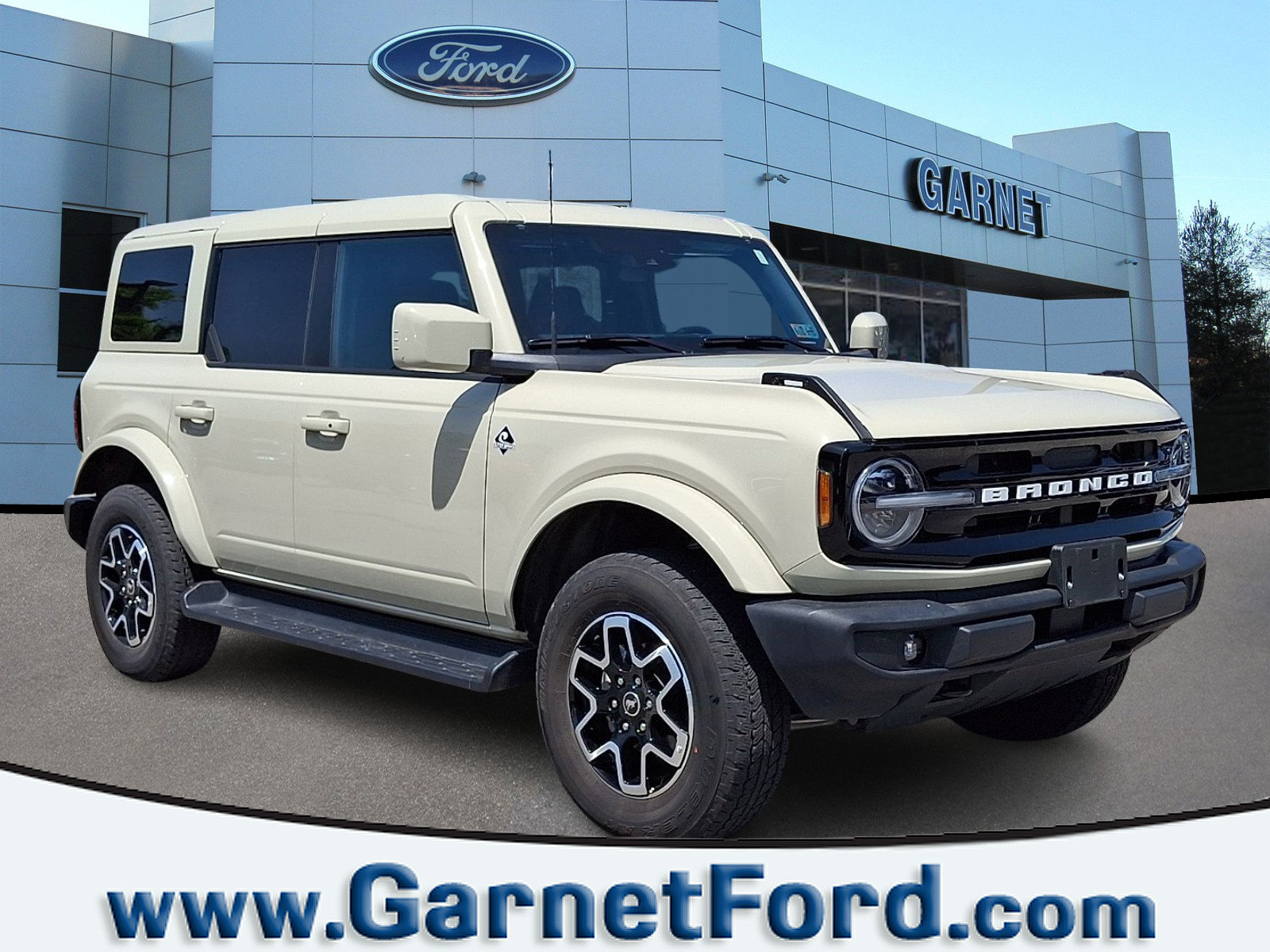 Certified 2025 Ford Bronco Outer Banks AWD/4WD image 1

---

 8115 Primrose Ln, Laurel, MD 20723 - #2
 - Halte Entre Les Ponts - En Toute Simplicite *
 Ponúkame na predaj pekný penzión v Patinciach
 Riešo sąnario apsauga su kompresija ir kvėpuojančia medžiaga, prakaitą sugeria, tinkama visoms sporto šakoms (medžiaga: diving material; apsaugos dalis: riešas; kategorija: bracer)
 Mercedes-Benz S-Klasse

...

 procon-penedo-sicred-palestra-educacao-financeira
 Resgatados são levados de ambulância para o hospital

ACTION ITEM
Transcribe, exactly and without additions, the lines of the records above, beginning with the line that contains "- Halte Entre" and ending with the line that contains "Mercedes-Benz S-Klasse", both included.

WRITTEN REPLY
 - Halte Entre Les Ponts - En Toute Simplicite *
 Ponúkame na predaj pekný penzión v Patinciach
 Riešo sąnario apsauga su kompresija ir kvėpuojančia medžiaga, prakaitą sugeria, tinkama visoms sporto šakoms (medžiaga: diving material; apsaugos dalis: riešas; kategorija: bracer)
 Mercedes-Benz S-Klasse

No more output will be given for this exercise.